Relay

Pamela Thiele

About 20 years ago Mother started preparing us for her death. She was basically healthy (except for some egregious joint problems), but she didn't want us quarreling over her possessions after she died.

Or so she said. My theory was that she was always happiest when she was morose.

For instance, she would tell us as children that we had pets so we could learn about death. Or there was my senior year in high school, also known as "the year of the last time we'll ever do this as a family." The last Thanksgiving. The last Christmas. The last picnic.

And although I frankly couldn't wait for things like the last time I'd have to go to choir practice, where Mom had concluded it was okay for her to sing the soprano line an octave more or less lower, I started to get fairly guilt ridden and depressed.

Because I was going off to college, I felt as though I were breaking up our family single-handedly. It never dawned on me that both my older siblings were around all the time, and therefore I too would probably return for certain family events.

At any rate, Mom sat us down 20 years ago and told us that since she was dying soon, she was going to divide up the family photos, so we wouldn't quarrel.

At that moment, we got set in the pattern we've followed every time since. My sister burst into tears and ran from the room. My brother tried to pretend he was not there. And I, child of the '60s that I am, tried to feel Mom's pain and understand her.

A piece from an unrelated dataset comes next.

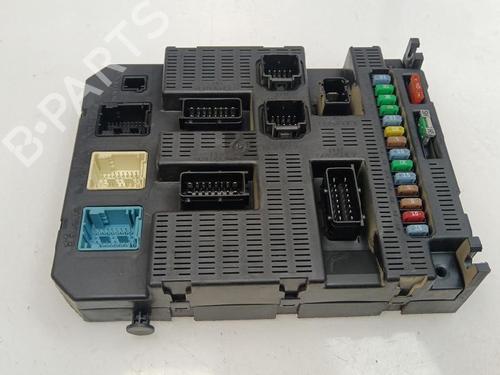 Used Fuse box Fuse box CITROËN C2 (JM_) 1.4 (73 hp) 35744766 35744766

But Mom was having a perfectly fine time. So she repeated it a few months later. She reminded us she would be dying soon and we shouldn't quarrel, so . . .

The spoils under consideration that day were her china teacup collection, her hurricane lamp collection, and her commemorative British royalty mugs collection.

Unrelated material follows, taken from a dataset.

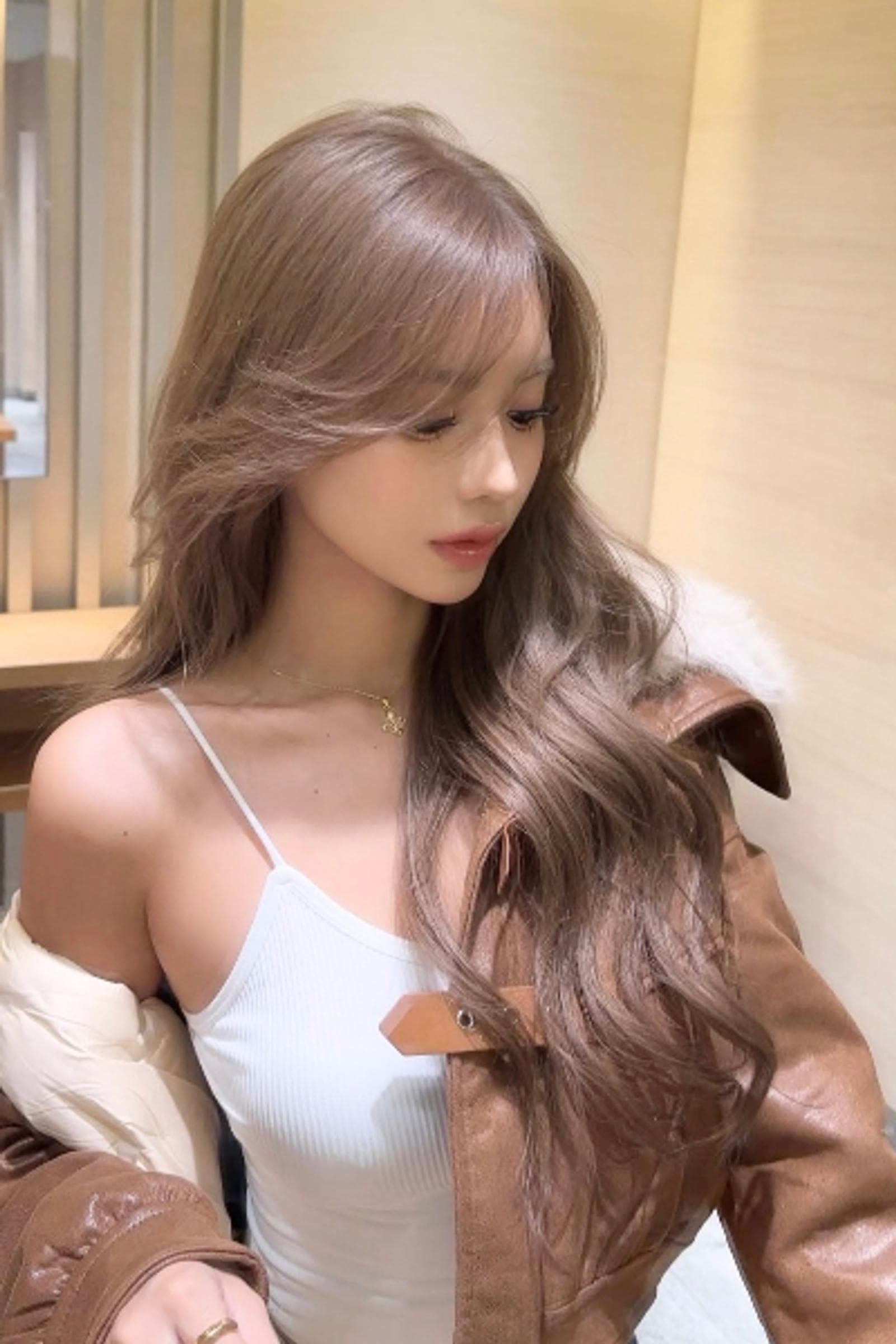 Sana, 22, escort in Hong Kong — brown hair, 162 cm (photo 3 of 8)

Tears. Withdrawal. Cloying understanding.

And so it went through the years.

Although I eventually moved far enough away not to be able to go home frequently, I was not exempt. I would get "dying soon" by phone.

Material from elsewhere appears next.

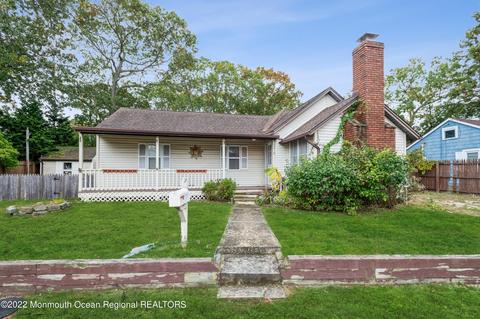 178 Cedarhurst Rd, Brick, NJ 08723 photo 1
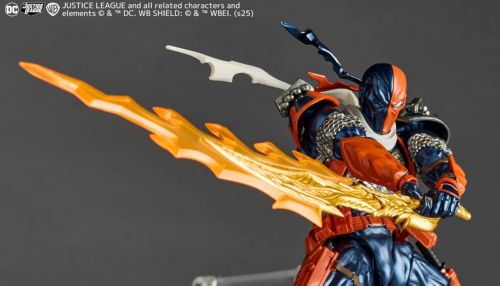 Deathstroke,DC Universe,Revoltech Kaiyodo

"Dear," Mother would say, "as you know I'm going to die soon and so the next time you come home, I want us all to sit down and go through the old books." ". . . the Canterbury Tales collection . . ." (Don't ask.)

". . . the jewelry from my mother

. . ." ". . . my notes and posters from teaching . . ."

I also believed that Mom worried about whether we'd miss her and whether she'd be remembered once she was gone. I think a grandchild would have taken care of a lot of this, not in the least because a grandchild would ensure that her heirlooms stayed in the family. Alas, Mother never got one.

I have promised her I would make sure all her handiwork, the painstakingly handmade, extraordinary quilts, the intricate, delicate embroideries, the astonishingly beautiful crocheted tablecloths and table runners and doilies, would go to people who would appreciate them and care for them.

But of course with no grandchildren it will still be to people she'll never know, and who never knew her. That I can't fix.

Recently I've begun to think I've been a little arrogant in my understanding of Mother. Now I think it has not been so much about immortality or appreciation or helping us cope with what will be a very great loss indeed. Now I think that all along Mom was trying to prepare herself for her own death. It has slowly dawned on me that she's stopped talking about dying soon.

In December, rather than her old "I'll be dying soon so don't get me anything," she said simply, "Please don't get me anything, Pammie, because, well, you know."

She is 88. Most of her contemporaries are gone. Now I realize it was her own soft heart she was trying to protect when she so verbally and repeatedly anticipated our various pets' deaths through the years. So maybe it was she who needed the long preparation for her own.

I don't think she looks forward to dying. She is too curious about life to want to leave it. And though she's the wife and granddaughter and niece of ministers, her faith has focused more on good deeds on Earth than on what rewards await in heaven.

She no longer says it, because it has become true. She will be dying sooner now rather than later. It breaks my heart. And I think, by her silence, it breaks her heart too.